Enterprise and Regulatory Reform - Employment Law
The Enterprise and Regulatory Reform Bill was introduced to parliament on 23rd May and when passed will change UK employment law in several significant ways. The Bill intends to change the way workplace disputes are resolved, the involvement of Acas, the operation of Employment Tribunals and the status of whistleblowing claims.

The Government has introduced the Bill as part of the 'Red Tape Challenge' which seeks to cut the burden of regulation and costs for employers. It follows the recent extension of the qualifying period to claim unfair dismissal and the introduction of substantial fees to lay a claim before an Employment Tribunal.

The Bill will significantly enhance the role of Acas in resolving workplace disputes. In order to make a claim at a tribunal, it will first be necessary to use the services of Acas to try and reach a settlement out of court. To allow for this, the current time limits that apply for making a claim will be extended.

This is a move that has been generally welcomed by bodies representing employers and employees. However some organisations, such as the Citizens Advice Bureau, have warned that there will need to be a significant investment in the resources given to Acas in order to carry out their duties effectively.

Compromise agreements are to be replaced by settlement agreements. This will allow the employer to make an offer of a 'termination package' to an employee, without the fear that the offer could then prejudice a case brought to a Tribunal.

Some decisions that are currently taken at a full Tribunal will be taken instead by an appointed Legal Officer where all parties have agreed in writing beforehand. This will only apply to fact-based decisions, such as disputes over pay or other entitlements. It is hoped that this measure will free up a considerable amount of time for full Employment Tribunals to deal with more serious cases.

There will also be changes to the Employment Appeals Tribunal system. In future appeal cases will be heard by a single judge sitting alone, except in some complex cases where a judge may decide to invite up to four non-legal panel members.

A controversial measure will allow the Secretary of State to reduce the maximum amount of compensation for unfair dismissal claims, currently set at £72,300. It is intended that the maximum amount succesful claimants will receive in future will be the lower of two options.

  1. One years salary, or
  2. the national median wage - currently £28,000.

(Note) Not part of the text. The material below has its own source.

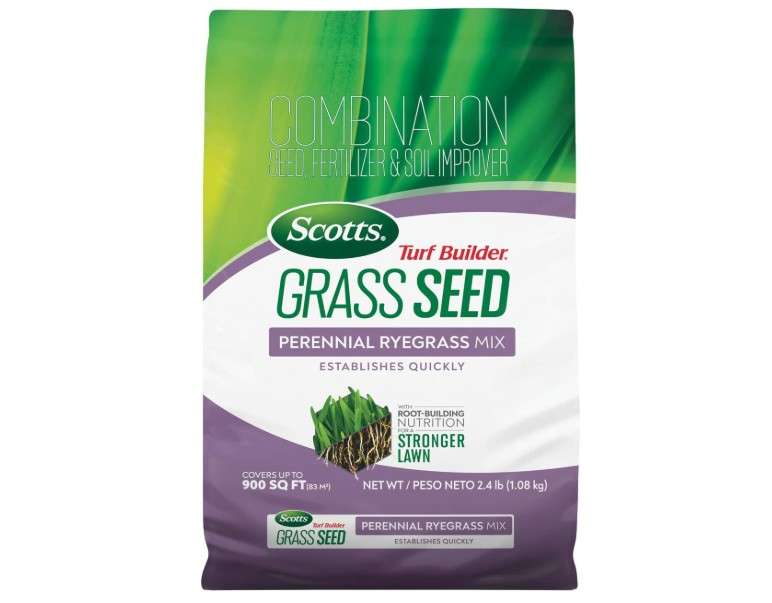 Scotts Turf Builder Grass Seed Perennial Ryegrass Mix with Fertilizer and Soil Improver, Establishes Quickly, 2.4 lbs.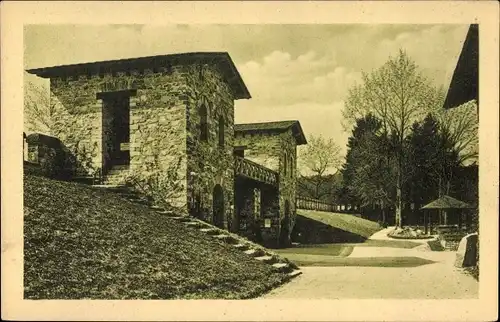 Ak Kastell Saalburg Taunuskamm in Hessen, Porta Decumana, Innenseite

Tribunals are to be given the power to impose a financial penalty for 'aggravated features' of an employer's conduct during the dispute process. These features have not yet been defined but the aim is to tackle rogue employers, such as serial offenders or those who do not give appropriate cooperation to the Tribunal. The maximum fine that can be imposed will be £5,000, which will be reduced by fifty per-cent if paid promptly. The money will be given to the Ministry of Justice and not to the claimant.

Following some recent court decisions on whistleblowing, the Bill will narrow the definition of a public interest disclosure. The Bill introduces a public interest test that must be applied to a claim in order to be successful. The Government believes that this will close a legal loophole that has seen a sharp rise in the number of whistleblowing cases, particularly in the financial services sector. However the move has many critics who believe that it will discourage genuine employees from exposing illegal or dangerous practices.

The Business Secretary, Vince Cable, confirmed during the Bill's second reading on 11th June that Adrian Beecroft's controversial proposals for 'no fault dismissals' would not be taken forward. He also announced that there would be no automatic vote for shareholders to approve or block directors pay.